== Assigned task ==
All lines below containing the string "image" are to be copied.

== Records to use ==

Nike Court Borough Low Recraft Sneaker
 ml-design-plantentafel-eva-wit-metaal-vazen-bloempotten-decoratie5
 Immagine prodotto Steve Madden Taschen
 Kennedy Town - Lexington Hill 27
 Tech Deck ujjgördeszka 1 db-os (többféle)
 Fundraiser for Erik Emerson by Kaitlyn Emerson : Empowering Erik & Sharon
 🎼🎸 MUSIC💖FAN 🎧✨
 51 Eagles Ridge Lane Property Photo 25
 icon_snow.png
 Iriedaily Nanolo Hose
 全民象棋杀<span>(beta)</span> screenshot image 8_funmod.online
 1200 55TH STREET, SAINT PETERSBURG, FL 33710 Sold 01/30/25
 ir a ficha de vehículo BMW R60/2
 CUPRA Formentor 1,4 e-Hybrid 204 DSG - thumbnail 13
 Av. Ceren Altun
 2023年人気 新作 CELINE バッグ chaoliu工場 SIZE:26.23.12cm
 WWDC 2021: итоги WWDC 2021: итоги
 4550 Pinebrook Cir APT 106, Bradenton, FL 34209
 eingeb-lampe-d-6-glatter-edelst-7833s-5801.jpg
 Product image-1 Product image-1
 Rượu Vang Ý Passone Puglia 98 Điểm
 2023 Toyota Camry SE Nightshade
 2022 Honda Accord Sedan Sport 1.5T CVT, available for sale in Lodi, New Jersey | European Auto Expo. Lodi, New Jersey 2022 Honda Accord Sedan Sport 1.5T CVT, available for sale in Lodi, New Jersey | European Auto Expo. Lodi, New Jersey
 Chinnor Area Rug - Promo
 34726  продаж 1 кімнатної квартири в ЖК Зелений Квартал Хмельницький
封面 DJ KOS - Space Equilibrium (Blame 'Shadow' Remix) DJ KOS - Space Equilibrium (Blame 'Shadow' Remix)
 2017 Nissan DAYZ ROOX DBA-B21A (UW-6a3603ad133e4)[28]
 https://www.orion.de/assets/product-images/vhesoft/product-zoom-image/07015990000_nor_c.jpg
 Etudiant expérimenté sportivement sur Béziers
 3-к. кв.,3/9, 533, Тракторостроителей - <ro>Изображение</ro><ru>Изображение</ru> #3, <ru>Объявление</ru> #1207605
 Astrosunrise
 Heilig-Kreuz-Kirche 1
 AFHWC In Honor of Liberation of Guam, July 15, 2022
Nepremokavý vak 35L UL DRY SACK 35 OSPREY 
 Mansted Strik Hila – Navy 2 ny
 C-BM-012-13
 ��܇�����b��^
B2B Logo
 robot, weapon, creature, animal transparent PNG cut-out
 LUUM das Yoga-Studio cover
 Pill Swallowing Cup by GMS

== Response to the task ==
 全民象棋杀<span>(beta)</span> screenshot image 8_funmod.online
 Product image-1 Product image-1
 https://www.orion.de/assets/product-images/vhesoft/product-zoom-image/07015990000_nor_c.jpg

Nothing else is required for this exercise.